→ ACTION ITEM
Restate word for word the part of the material that runs from the line containing "Lillie's Ribombee : JOURNEY" through its final line, inclusive, minus the pictures.

→ DATA FOR REVIEW
- - - - -
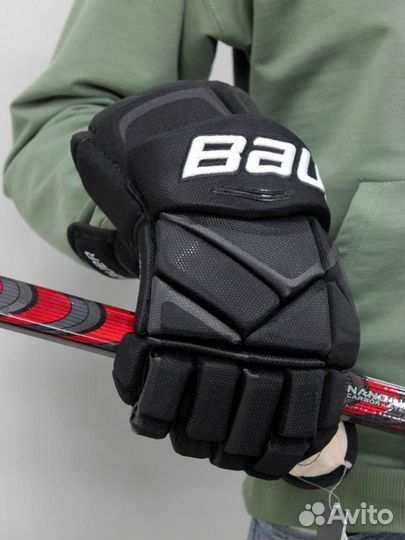 Перчатки хоккейные bauer 1x pro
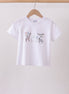 White Animal Embroidered Top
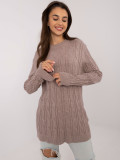Beige Long Sleeve Sweater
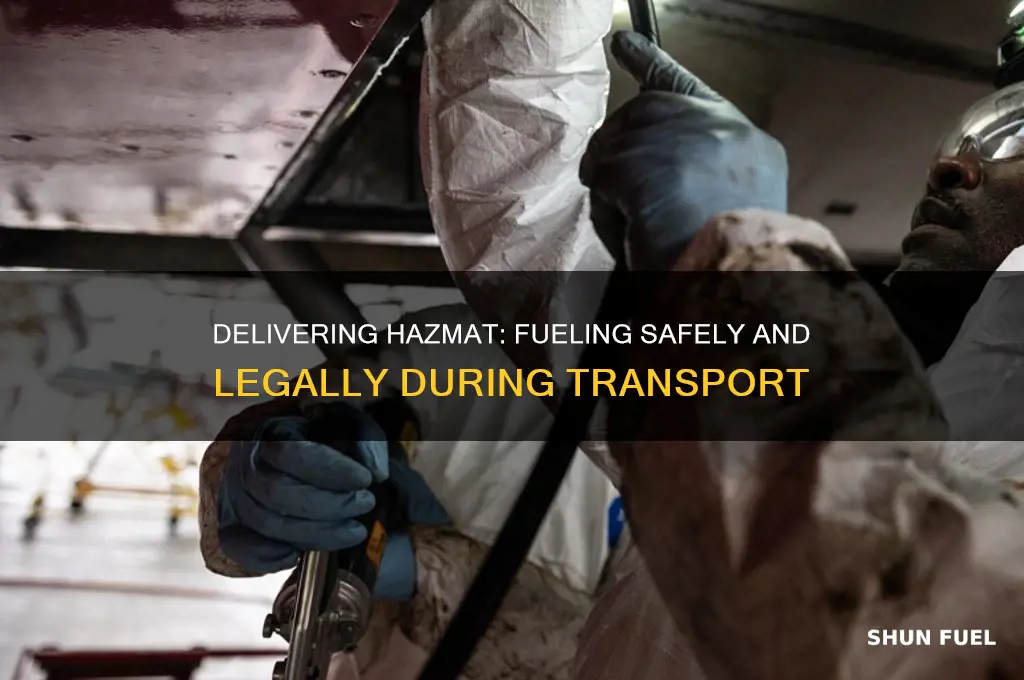 can you get fuel while delevering hazmat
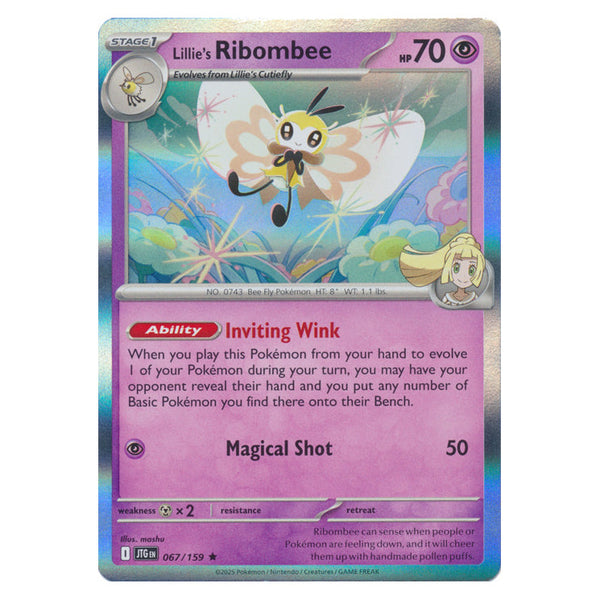 Lillie's Ribombee : JOURNEY TOGETHER (Holo) - 067/159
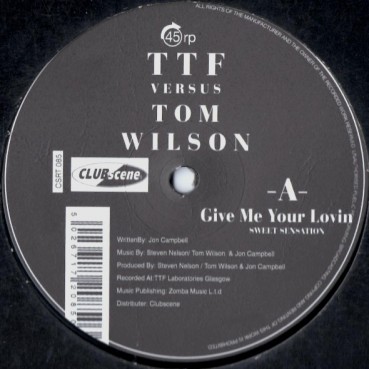 TTF versus Tom Wilson – Give Me Your Lovin (Sweet Sensation) TTF versus Tom Wilson – Give Me Your Lovin (Sweet Sensation)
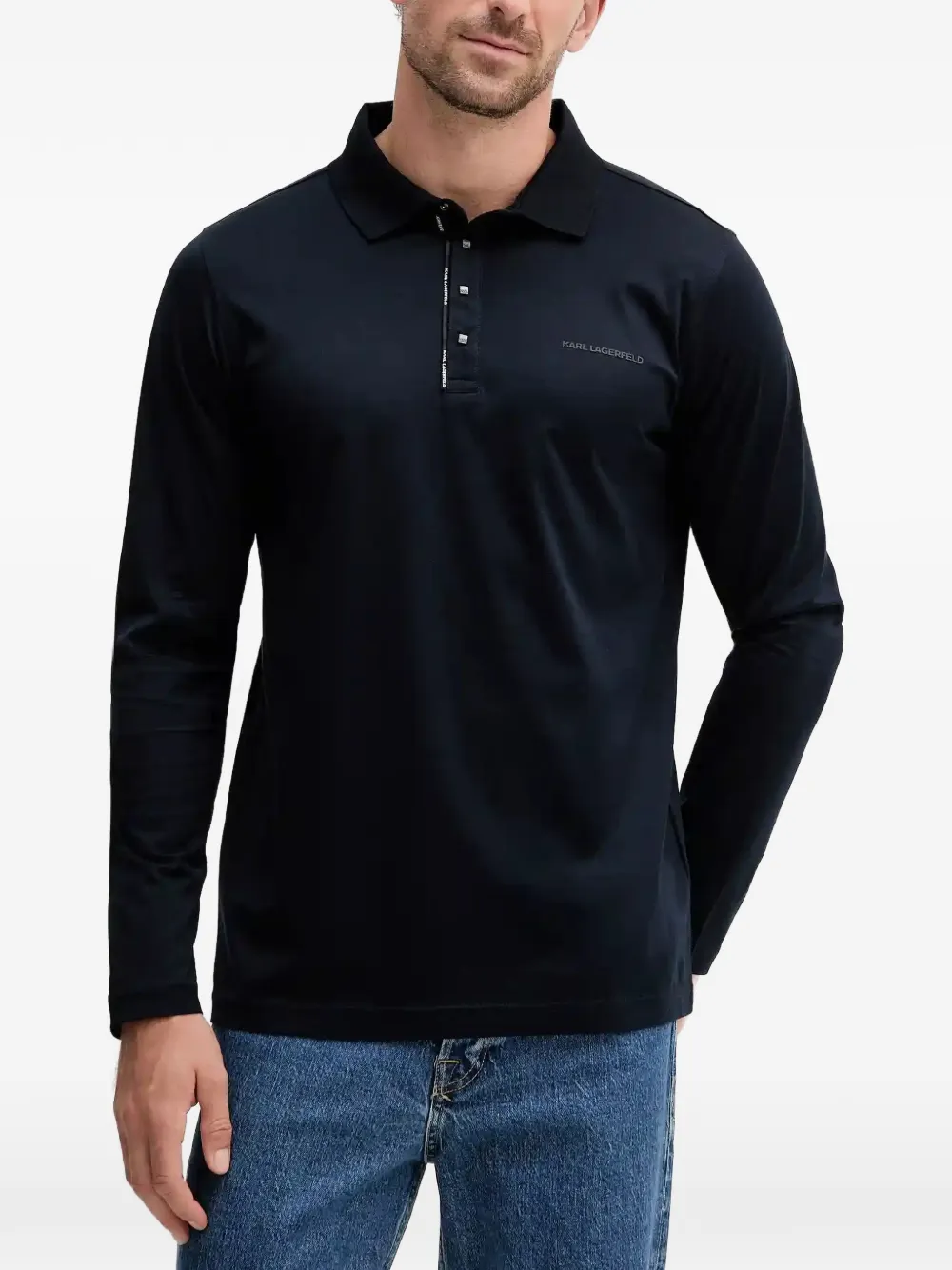

Рубашка поло с логотипом Karl Lagerfeld, синий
- - - - -
→ OUTPUT OF THE TASK
 Lillie's Ribombee : JOURNEY TOGETHER (Holo) - 067/159
 TTF versus Tom Wilson – Give Me Your Lovin (Sweet Sensation) TTF versus Tom Wilson – Give Me Your Lovin (Sweet Sensation)

Рубашка поло с логотипом Karl Lagerfeld, синий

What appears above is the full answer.